Lucky me, after a couple of beats The Wannabe Menace dropped his arms and started to laugh, too. He said, “You some kinda crazy!”
I nodded. “Crazy-stupid. The Las Vegas way.”
And they were pretty boys, all of them, tall and thin and beautifully turned out – by their own standards if no one else’s. They weren’t thugs, they were wannabe-menacing middle-class kids from high schools rich enough to send them to Sin City for the international Summer basketball tournament held every year at the Thomas and Mack Center at the University of Nevada at Las Vegas. The town has been flush with bright, energetic kids from all over the world for the whole time I’ve been here. I’ve had a marvelous time kidding them about how unfair it is for them to be in Las Vegas five years too young for it to be any fun for them – a sentiment they squarely endorse even as they take in every free spectacle the city has to offer.

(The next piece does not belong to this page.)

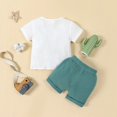 thumbnail image 4 of Baby Boys Linen Clothes Set Toddler Girls Button-down Shirt Tops + Cotton Gauze Shorts Summer 2PCS Outfit 12-18 Month Boy Clothes, 4 of 9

That much is news, and I tend not to write news in Willie stories. I used to, when I was younger, but then I realized that everything I want to talk about is timeless and universal, so I tend to write that way. For all I know, I could be a hundred years dead by the time you get around to reading this. The news of the day is nothing, the same dumbass stories over and over again. The news of the ages is everything, and all I really care about is everything.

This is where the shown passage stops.